You’ve become synonymous with the BC Rich Bich. How did you acquire it?
“I went down to a guitar store [in New York City] and looked around, and when I saw this red guitar on the wall, I immediately recognized it from the cover of a magazine that had Joe Perry of Aerosmith playing it. And I loved Aerosmith. I saw the ‘R’ on the headstock, and was like, ‘Oh wow, that’s the same ‘R’ that’s on the headstock of Dr. Know of Bad Brains’ guitar.’ Dr. Know had an Eagle. I was like, ‘Well, if Doc is playing one and Joe Perry is playing one, I’ll give it a shot.
“They had about 10 of them, so I took them all off the wall and lined them up. I played them all day long and whittled it down to two guitars – this red one and a wood grain one.
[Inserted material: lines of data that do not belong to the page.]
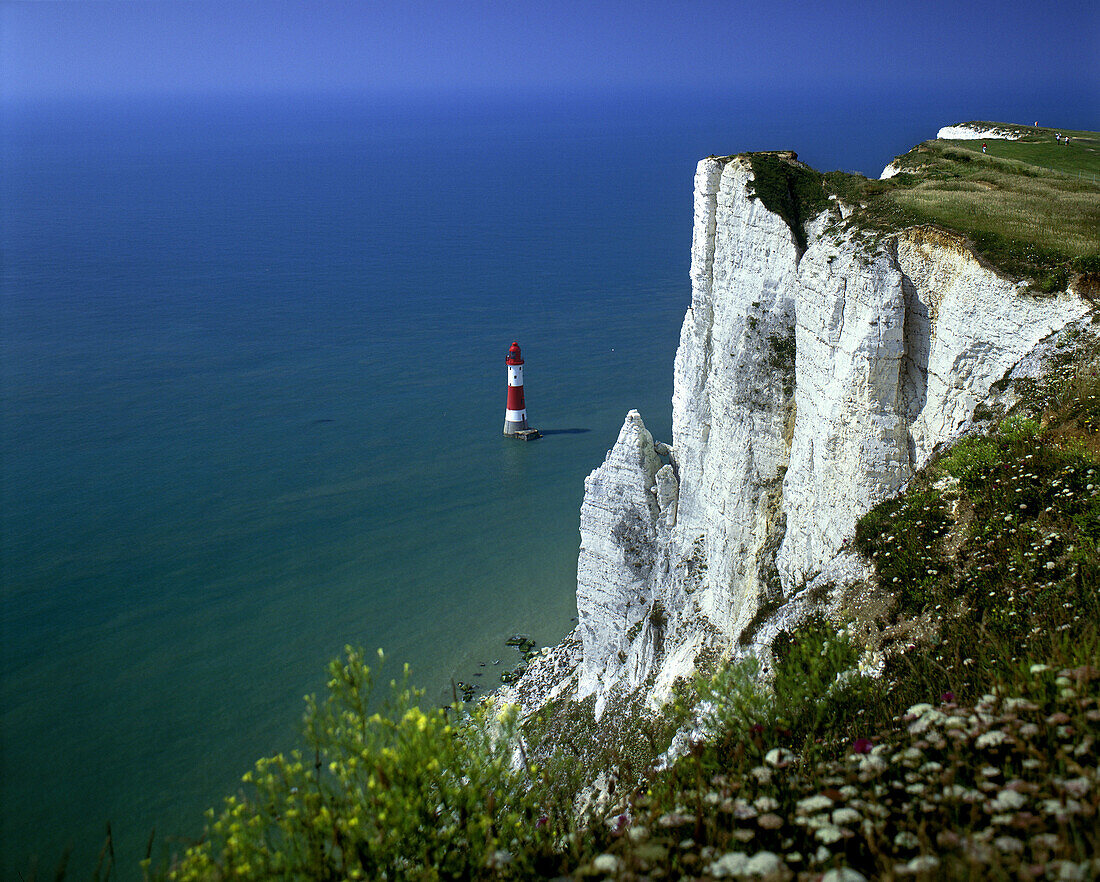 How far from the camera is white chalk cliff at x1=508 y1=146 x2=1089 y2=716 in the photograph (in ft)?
54.7

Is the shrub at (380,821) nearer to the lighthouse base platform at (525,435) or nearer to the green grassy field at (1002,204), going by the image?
the green grassy field at (1002,204)

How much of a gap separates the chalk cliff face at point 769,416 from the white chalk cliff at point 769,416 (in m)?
0.04

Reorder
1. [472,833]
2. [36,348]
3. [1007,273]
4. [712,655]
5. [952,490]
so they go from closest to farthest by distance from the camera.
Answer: [472,833]
[952,490]
[1007,273]
[712,655]
[36,348]

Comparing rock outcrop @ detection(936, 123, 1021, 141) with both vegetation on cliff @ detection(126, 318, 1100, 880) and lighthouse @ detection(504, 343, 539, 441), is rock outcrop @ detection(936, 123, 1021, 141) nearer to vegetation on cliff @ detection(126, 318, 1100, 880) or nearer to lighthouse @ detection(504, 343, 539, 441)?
lighthouse @ detection(504, 343, 539, 441)

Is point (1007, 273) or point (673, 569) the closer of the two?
point (1007, 273)

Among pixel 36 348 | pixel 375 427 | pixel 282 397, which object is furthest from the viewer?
pixel 36 348

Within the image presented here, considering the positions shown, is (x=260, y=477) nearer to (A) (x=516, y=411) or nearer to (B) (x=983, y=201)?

And I said, ‘Damn. I don’t know if I can play a red guitar.’ So, I bought the wood grain.
“I took it home, and I was noticing I was having a hard time keeping it in tune. After a week, I realized, ‘There has to be something wrong with this guitar.’ So, I took it back to the store, and they said something like, ‘Our return policy is seven days. Today is day eight.’ And I was like, ‘But this guitar won’t stay in tune.’ The guy looks at me and is like, ‘Tough.’
“I’m getting outraged – here I am, I’m 15 years old and my brain isn’t fully formed. The guitar case is sitting on the counter, opened. And the guy closes the case and said, ‘You can take it out of here now.’ I opened up the guitar case, grabbed the guitar by the neck, walked up to a wall of Les Pauls, looked back at him, held up the guitar like a baseball bat, and said, ‘How many of these things do you think I can smash before you stop me?’
“I started swinging the guitar around like a baseball bat, and the guys is like, ‘Stop! Stop! Stop! OK… what guitar do you want?’ I pointed at the red one that was still on the wall. I grabbed it, walked over to the case, slid it into the same case, closed the case, and walked out.”
A few months back, Cro-Mags’ The Age of Quarrel celebrated its 35-year anniversary. How do you think the album holds up to this day?
“We recorded most of the songs previously to the release of The Age of Quarrel on a demo. You call it ‘a demo’ now, but back then in the hardcore days, you would record your songs, put it out on a cassette, and just sell it to people.
“But that recording of those songs [later released as Before the Quarrel] – to me and a lot of fans – is the most powerful recording of those songs. And I feel that that recording holds up, because it holds and carries the fire of that time. It just sounds the way those songs are supposed to be played.
“By the time we went into the studio to record The Age of Quarrel, the band was already fracturing. We were not a team anymore. We went in and recorded that album, but I don’t think there was the same meticulous attention to detail with tempos and just the vibe.”
People may be surprised that a prog band like Rush was a major influence on you.
“I would say Rush and Motörhead were the two primary influences on my songwriting. I mean, I can pick out specific Rush songs that mirrored The Age of Quarrel songs.
“Like, for example, the song Signs of the Times. On [Rush’s 1976 live album] All the World’s a Stage, on the song Anthem, there’s this ‘restart riff’ that is so cool, but he’s just playing an A chord. I was like, ‘That is such a cool riff… but so simple. What can I do to make a riff like that? I’ll play it backwards!’”
- The Aggros' debut EP, Rise of the Aggros, will arrive later in 2022.